Since turning away from Ukraine's capital, Russia is using massed artillery and armour to try to capture more territory in the Donbas, comprised of the Donetsk and Luhansk areas, which Moscow claims on behalf of separatists.
"The occupiers are trying to exert even more pressure. It is hell there - and that is not an exaggeration," Zelenskiy said in a late Thursday address.
"(There are) constant strikes on the Odesa region, on the cities of central Ukraine. The Donbas is completely destroyed."
Russian shelling in Luhansk has killed 13 civilians over the past 24 hours, regional governor Serhiy Gaidai said.
Twelve were killed in the town of Sievierodonesk, where a Russian assault had been unsuccessful, he said.
Ukraine's Prosecutor General's office said 232 children had been killed and 427 wounded since the beginning of the Russian invasion.
Moscow calls it a "special military operation" to rid Ukraine of fascists, an assertion Kyiv and its Western allies say is a baseless pretext for an unprovoked war.
Russia had intensified its offensive and assault operations in Donetsk, the General Staff of Ukraine's Armed Forces said.
Moscow denies targeting civilians.
The past week has seen Russia secure its biggest victory since the invasion began, with Kyiv announcing it had ordered its garrison in a steelworks in Mariupol to stand down, after a protracted siege of the city.
Russian forces have, however, been pushed back this month from the outskirts of the second-largest city Kharkiv. Ukraine says it has recaptured 23 settlements near Kharkiv in the past two weeks.
As the invasion nears the three-month mark, the US Senate overwhelmingly approved nearly $US40 billion ($A57 billion) in new aid for Ukraine, by far the largest US aid package to date.
The G7 also agreed to provide Ukraine with $US18.4 billion. Ukraine said the money would speed up victory over Russia and was just as important as "the weapons you provide".
US Treasury Secretary Janet Yellen told reporters: "The message was, 'We stand behind Ukraine. We're going to pull together with the resources that they need to get through this.'"
The United States also said it had authorised $US100 million in additional arms, equipment, and supplies for Ukraine.
And in a further sign of Western action hurting the Russian economy, five foreign vice-presidents of Russia's Rosneft resigned because of EU sanctions forbidding European citizens or Russians living in the EU to work at the oil company, sources said.

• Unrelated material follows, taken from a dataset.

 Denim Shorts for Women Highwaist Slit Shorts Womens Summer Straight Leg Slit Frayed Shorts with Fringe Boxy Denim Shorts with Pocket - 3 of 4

But Western divisions have also been on show, with NATO member Turkey opposed to Sweden and Finland joining the alliance, a move that would reverse generations of military non-alignment in the biggest European security shake-up in decades.
Ankara accuses the Nordic states of harbouring Kurdish militants, but US President Joe Biden and European leaders said they were confident Turkey's concerns could be addressed.
Biden, hosting Swedish Prime Minister Magdalena Andersson and Finnish President Sauli Niinisto at the White House, told reporters: "I think we're going to be OK."
Niinisto said Finland would commit to Turkey's security, adding, "We condemn terrorism in all its forms and we are actively engaged in combating it."
In Mariupol, the ultimate outcome of the bloodiest battle in Europe for decades has remained unclear, with uncertainty over the fate of hundreds of Ukrainian defenders.
Moscow said on Thursday that 1730 Ukrainian fighters had surrendered so far, including 771 in the past 24 hours.
Ukrainian officials, who have sought a prisoner swap, had declined to comment, saying it could endanger rescue efforts. Late on Thursday, Sviatoslav Palamar, deputy head of the Azov Regiment defending the steelworks, released a video in which he said he and other commanders were still on the territory of the plant.
The leader of Russian-backed separatists in control of the area said nearly half of the fighters remained inside the steelworks, where underground bunkers and tunnels had protected them from weeks of Russian bombardment.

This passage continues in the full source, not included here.